For many associations planning their annual meetings, events, shows, or conferences, cost-cutting and related quick fixes may seem like the most prudent responses to the current economy. But in the end, such actions may end up doing more harm than good if they impair an association's ability to serve its members and other core constituents. In addition, such short-term fixes can create even greater long-term problems.

Instead, pause for a moment and take a step back. Ask yourself, your staff, and your volunteer leaders a powerful, perspective-changing question: If you were to hold your event for the first time ever in 2009, what would you want it to look like?

When we pose this question to our clients, the truly productive thinking begins. The prospect of letting go of what you know and starting anew is sometimes a little intimidating, but exciting and particularly constructive. It's also a great approach to ensuring your organization is successful in the future, because it frees you to discover new opportunities that can help your association not only survive, but revitalize and strengthen for the long term.

One very helpful first step toward answering this question is research. Associations typically survey their members on issues every three to five years, if at all. As executive leaders, we frequently need to be very careful about making too many decisions in a vacuum. Unfortunately, any research conducted in the past couple of years is largely irrelevant in today's economy. Now, more than ever, it is critical to reach out to your core constituents-including members, exhibitors, sponsors, and others-and ask them what they really need from their meetings and conferences, and what elements would encourage them to attend. Research options are plentiful and can range from extremely cost-effective online surveys to focus groups.

It's also important to ask your staff members what they think. For them, this is an opportunity to think strategically about how an event should be restructured, as well as how to allocate resources most effectively.

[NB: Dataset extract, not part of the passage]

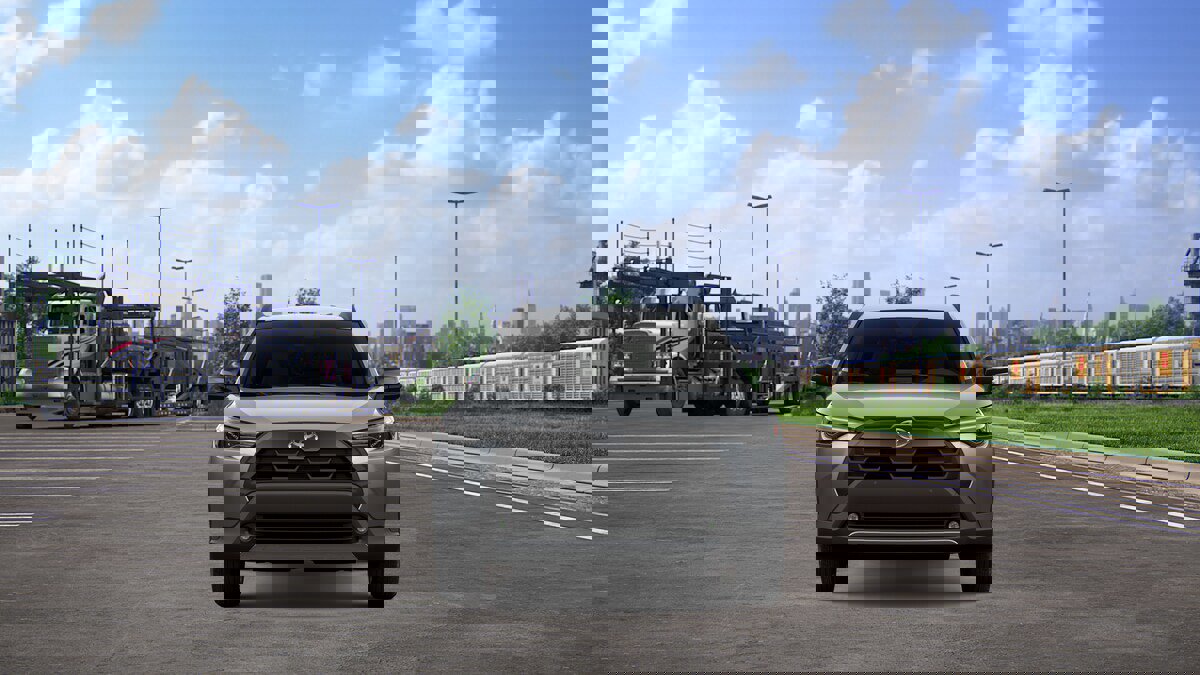 New 2026 Toyota Corolla Cross XLE image 17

The power of the question is most clear when you see its real-world impact. We recently posed it to a volunteer board of a technology organization that has been in existence for decades, and whose annual event has changed very little over the years. The question immediately altered the dynamic of the meeting and fostered an environment conducive to positive change. The overall discussion shifted from where to make cuts to why cuts were being considered in the first place. This ultimately led the organization to develop a new strategic approach to targeting a demographic that had not been considered in the past.

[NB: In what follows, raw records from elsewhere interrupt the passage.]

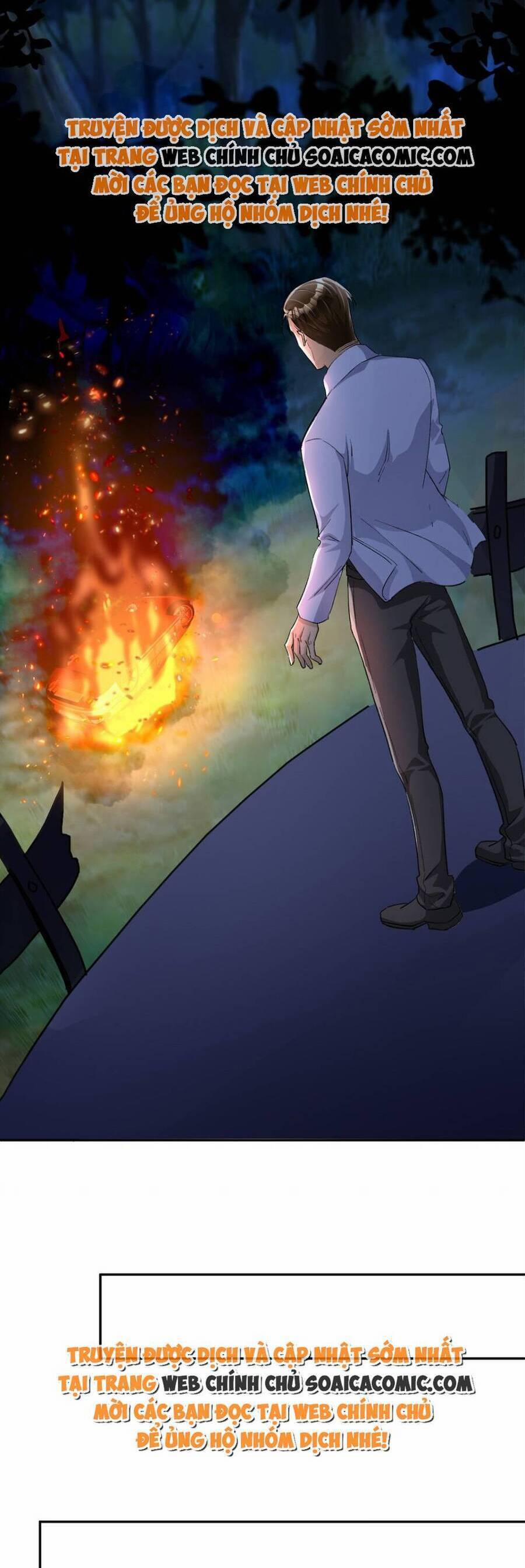 Tổng Tài Huyết Tộc Cực Sủng Cô Vợ Mỹ Nhân Ngư 122 trang 15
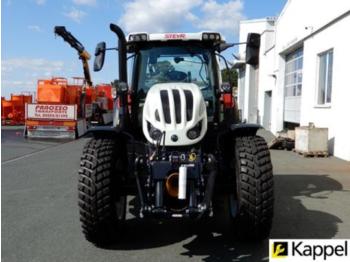 Traktor Steyr 4145 cvt kommunal: obrázek 1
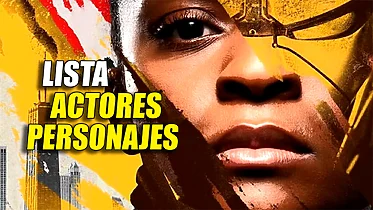Imagen de Quién es quién en 'Ironheart': Lista de actores y personajes de la nueva serie de Marvel para Disney+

We also posed the question to board members of a medical organization who felt that it caused them to be "freer" in their thinking. Ultimately, the new direction that they set for their organization helped them to avoid dwelling on the ideas and strategies of the past, and enabled them to move forward. It also helped the organization engage new members, retain current members, and shift demographics to propel future growth.

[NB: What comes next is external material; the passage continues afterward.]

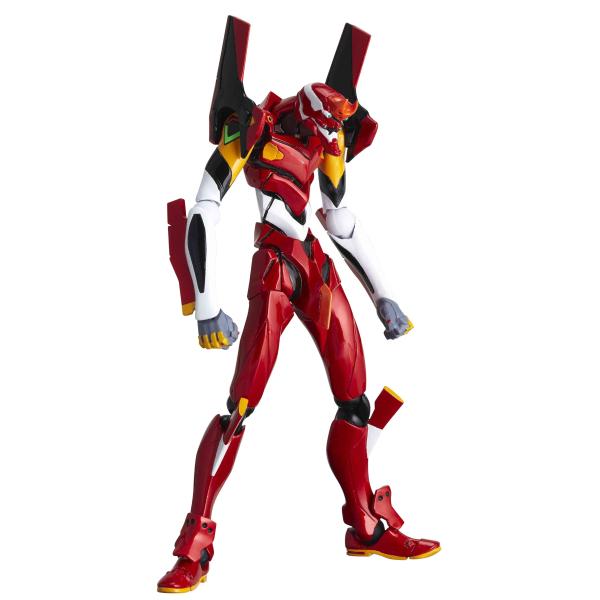 リボルテックヤマグチ No.68 新劇場版エヴァ2号機 Ver.2.0 : Shining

Several years back, I was involved in an industry think tank, and I posed a different question to association executives and the supplier community: What keeps you up at night? The tremendous feedback during this meeting became the cornerstone for significant thought leadership dialogue, both written and in person. The feedback that results from posing such a question puts everyone on the same playing field and helps to encourage solution-driven dialogue in a myriad of settings. Similarly, quizzing members, staff, and volunteer leaders about what their show or event would look like if it were presented for the first time ever can offer invaluable new perspectives when our instinct is to cut now and ask the questions later.

In challenging times, looking at things from the same perspective as we have during good times is a clear prescription for poor results. However, if you examine issues from a fresh point of view that is unencumbered by the past, your event-and your association overall-will be more relevant and successful both this year and in the future. So what are you waiting for? Make this question the key item on your next agenda.